The following discussion and analysis of the Company's financial condition and
results of operations should be read in conjunction with our audited financial
statements and the notes related thereto which are included in "Item 8.
Financial Statements and Supplementary Data" of this Annual Report on Form 10-K.
Certain information contained in the discussion and analysis set forth below
includes forward-looking statements. Our actual results may differ materially
from those anticipated in these forward-looking statements as a result of many
factors, including those set forth under "Special Note Regarding Forward-Looking
Statements," "Item 1A. Risk Factors" and elsewhere in this Annual Report on Form
10-K.
Overview
We are a blank check company formed under the laws of the State of Delaware on
October 6, 2020 for the purpose of effecting the merger, capital stock exchange,
asset acquisition, stock purchase, reorganization or similar business
combination with one or more businesses (the "Business Combination").
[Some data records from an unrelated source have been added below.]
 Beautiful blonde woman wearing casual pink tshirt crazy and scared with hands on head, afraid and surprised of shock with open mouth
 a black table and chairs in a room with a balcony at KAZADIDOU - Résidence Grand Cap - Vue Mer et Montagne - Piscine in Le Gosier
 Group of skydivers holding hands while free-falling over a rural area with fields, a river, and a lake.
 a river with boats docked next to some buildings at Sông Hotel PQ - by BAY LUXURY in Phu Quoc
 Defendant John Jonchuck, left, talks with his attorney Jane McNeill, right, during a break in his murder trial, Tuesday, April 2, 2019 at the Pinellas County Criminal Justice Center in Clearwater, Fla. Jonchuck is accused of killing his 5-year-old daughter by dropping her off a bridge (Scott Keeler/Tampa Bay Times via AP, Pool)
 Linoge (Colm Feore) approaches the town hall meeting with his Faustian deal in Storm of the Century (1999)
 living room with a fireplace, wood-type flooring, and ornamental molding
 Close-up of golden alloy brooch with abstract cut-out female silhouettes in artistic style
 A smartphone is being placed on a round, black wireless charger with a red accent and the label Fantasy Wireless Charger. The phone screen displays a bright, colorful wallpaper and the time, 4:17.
We intend
to effectuate our Business Combination using cash from the proceeds of the
Initial Public Offering and the sale of the Private Units, our capital stock,
debt or a combination of cash, stock and debt.
We expect to continue to incur significant costs in the pursuit of our
acquisition plans. We cannot assure you that our plans to complete a Business
Combination will be successful.
Results of Operations
We have neither engaged in any operations nor generated any revenues to date.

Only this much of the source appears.